Last week, I listened to Tim O’Reilly speak at a Publishing Point meetup in New York. He made a point about the need to be a visionary, and used Walt Disney as an example. That one’s business will always do well and adjust to the market if you are following a vision, not just protecting an established business model.

He was speaking to a room of publishers, but I think the point goes well beyond this one industry. For them, focusing on saving the existing book sales process may be a dead end. But if they follow a vision that focuses on writing, knowledge, sharing, and connection – they have a vibrant future regardless of form and business model.

When I was a teenager, I became obsessed with Walt Disney. I read every biography I could find on him, and remember scanning old articles on those horrible microfiche machines. So today, I want to explore the concept of why being a visionary will lead to business success, and do so by recounting a pivotal moment in Walt Disney’s career.

If you have 20 minutes, watch these two videos. They are the second & third parts of a three part series in which Walt Disney explains his plans for the Walt Disney World project in Florida.

Several things to notice:

1. He describes EPCOT as the hub of the entire 27,400 acres. The Magic Kingdom amusement park is shoved into a corner compared to EPCOT.
2. EPCOT as we know it to day is NOTHING like what Walt Disney planned. He envisioned a true working city of the future. Celebration Florida even pales in comparison to what he had in mind.
3. EPCOT stands for Experimental Prototype Community Of Tomorrow
4. He expected 20,000 people to live there, and industries to be centered there, all testing the latest technologies and innovations constantly.

Walt Disney was a visionary. He didn’t create a product, a business model, and then work hard to expand and protect it. He gave that task to managers. He looked at deeper reasons and further into what could be. He was always changing, always evolving, always growing. He pushed the Disney company into new territory.

He started in animation, moved to feature films, to television, to theme parks, and finally envisioned how we lived as a culture via EPCOT. At each step, he challenged us and created something of dramatically higher quality than we had come to expect. Theme parks were usually dirty places prior to his opening Disneyland. He received a great deal of resistance when he decided to open a theme park, people couldn’t imagine why he would want to open a place like that. They had no idea how far his vision went – how it eclipsed what we had come to expect from an amusement park.
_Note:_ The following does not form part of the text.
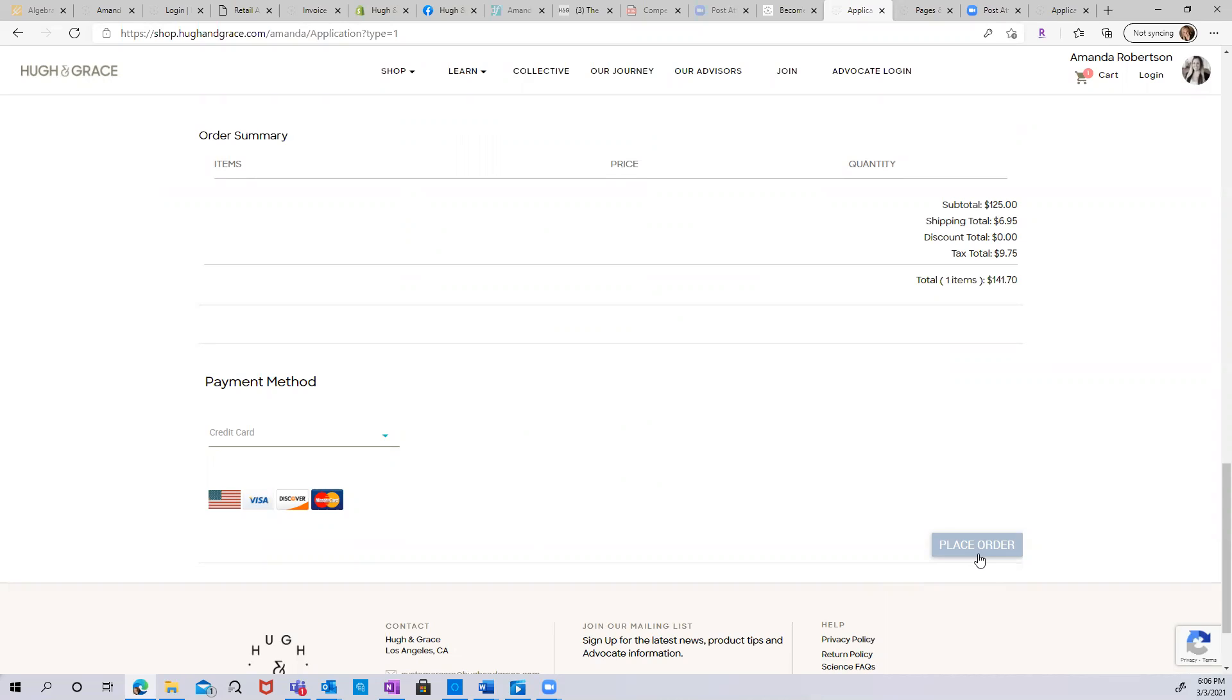When you click place order, you'll get a confirmation message and check your email. You'll have your first welcome email from Human Grace that gives you all of the information about your business and some next steps on how to proceed.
Likewise, EPCOT was a bold enterprise – attempting to solve the problems of our cities. He would start from scratch, and build something entirely new. A living blueprint of the future that was always in the state of becoming.
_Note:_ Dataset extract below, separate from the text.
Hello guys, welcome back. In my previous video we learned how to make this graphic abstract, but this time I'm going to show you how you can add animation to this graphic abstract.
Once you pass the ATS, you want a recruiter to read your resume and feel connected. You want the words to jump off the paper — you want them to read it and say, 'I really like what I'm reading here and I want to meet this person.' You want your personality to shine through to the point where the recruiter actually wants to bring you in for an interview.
Walt was focused on helping, not on entrenching. On expanding what Disney could do with their resources, not worrying about how to shove another Mickey Mouse doll into people’s lives.

This is how people grow, and ideally, how companies should grow. Not to think of ways to eek out another dollar from their customers, but think of new ways to help – to expand upon what was before, and move into new areas.

In some ways, once Walt Disney passed away, the company stopped growing. Sure, it EXPANDED, taking its intellectual property and expanding it into new markets and new products. They worked to integrate themselves into our lives, but in the same ways they always have. The Disney of today wants to change the way we live by putting a Mickey Mouse logo on everything you own. The Disney from Walt’s era wanted to change the way we live in ways that had nothing to do with cartoon characters.

Walt would have been pushing beyond toys and theme parks and TV shows. The closest comparison I can find today is someone like Richard Branson who is trying to create a consumer space airline. Disney would have been doing similar things – thinking so far beyond our expectations, that he challenges not only us, but his own company. I imagine Richard’s company gets worried when he has a new idea.

Why is Steve Jobs such a success? Because he scares the living daylights out of his own company. He pushes them, challenges them so much further than they ever would have on their own. Inherent in this is risk, and most companies try to avoid that.

Visionaries see the opposite – they see risk in standing still, in not growing. Not just personal risk, or financial risk, but cultural and human risk. That we – as human beings – are at risk when we stand still. We need to grow. It is what we owe our ancestors and future generations.

“Leadership” is a buzzword nowadays. When I say we need visionary leaders, I don’t just mean we need those with ideas to make speeches and motivate others. We need people who will get their hands dirty to build these things as well. That they will be as involved in tactics as well as vision. That you will see them in the mud creating the future for our culture.

Visionaries elevate us. Here’s a simple representation that I came upon while coming into New York City yesterday:

Penn Station, original:

Penn Station

Penn Station, today:

Penn Station

Which elevates us, and which merely manages us?